La adolescente Suzu, protagonista de Belle, queda fascinada por el universo online de ‘U’, gracias al cual consigue dejar atrás una depresión provocada por una pérdida traumática ocurrida en su infancia. Si, en el mundo real, Suzu no es capaz de hacer lo que más le gusta, cantar, en ‘U’ se convierte de la noche a la mañana en una suerte de Hatsune Miku (la gran idol virtual japonesa) llamada Belle. En uno de sus eventos multitudinarios, Belle es interrumpida por el personaje que pondrá patas arriba su vida: la Bestia, el avatar más temido de la plataforma. A partir de entonces, la película se convierte en una reinterpretación del clásico cuento de hadas francés La Bella y la Bestia, de Jeanne-Marie Leprince de Beaumont, y toma como hilo argumental-conceptual la idea de quitarle la máscara al otro. El pueblo quiere saber quién es la Bestia, pero también quiere saberlo su amada, que no podrá liberar al monstruo de la maldición hasta que la alimaña no la ame de verdad.

En Belle, Hosoda lleva más allá su interés por los relatos clásicos, que ya se materializó en El niño y la bestia (2015), combinando aquí el poso humanista del original con una radiografía del universo de las redes sociales mucho más trabajada que la de Summer Wars (2009). La Bella y la Bestia funciona aquí como elemento de unión entre ‘U’ y la vida real, pero también como piedra angular de una llamada de atención sobre el problema de salud mental que afecta a muchos jóvenes hoy en día, un alegato nada afectado, aunque sí doloroso.
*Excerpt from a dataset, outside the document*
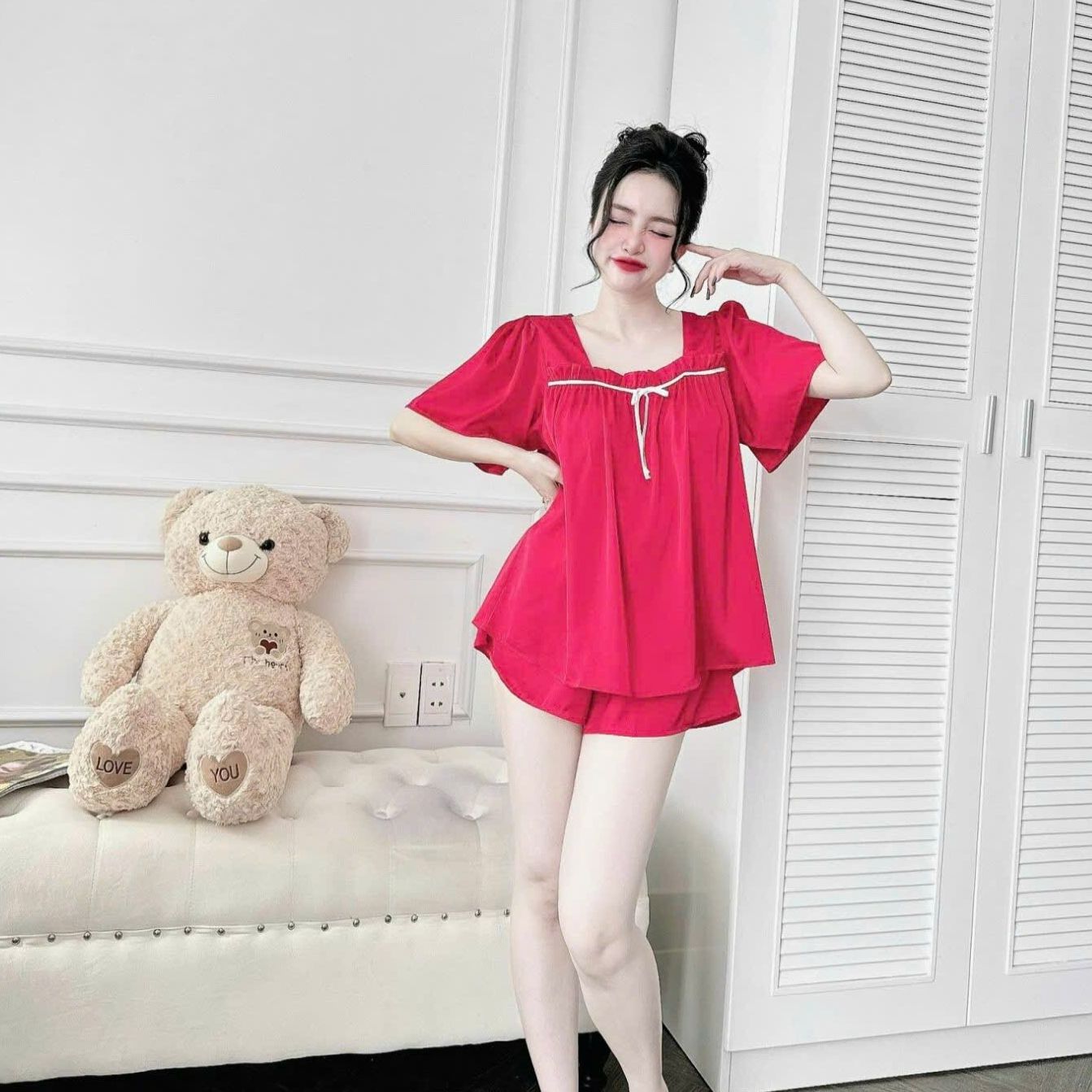 Bộ ngủ lụa bigsize đồ mặc nhà cho nữ 50-100kg mềm mát cổ vuông chất lụa latin đồ măc hè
Pese a la apariencia de comedia de instituto, el cineasta japonés mantiene en todo momento un control férreo del subtexto de su musical catártico. Belle es una película sobre el duelo por la pérdida de la infancia y el paso a la vida adulta, y sobre la dificultad de las nuevas generaciones para comunicar sus emociones y confiar en el otro cuando todo es líquido –un día eres el usuario más prestigioso de ‘U’, la chica más popular del instituto; al día siguiente todos te odian–. Hosoda presenta un trabajo de una valiosa madurez. Nos pregunta si de verdad estamos más seguros bajo la máscara, y plantea la duda –no solo a la sociedad nipona, cada vez más encerrada en sí misma– de si, quizá, la manera más apropiada de desenmascarar a la bestia no sea desvelando su identidad, sino atendiendo a sus emociones. Y eso lo podemos hacer tanto en la vida como en lo virtual, pues los sentimientos no entienden de medio.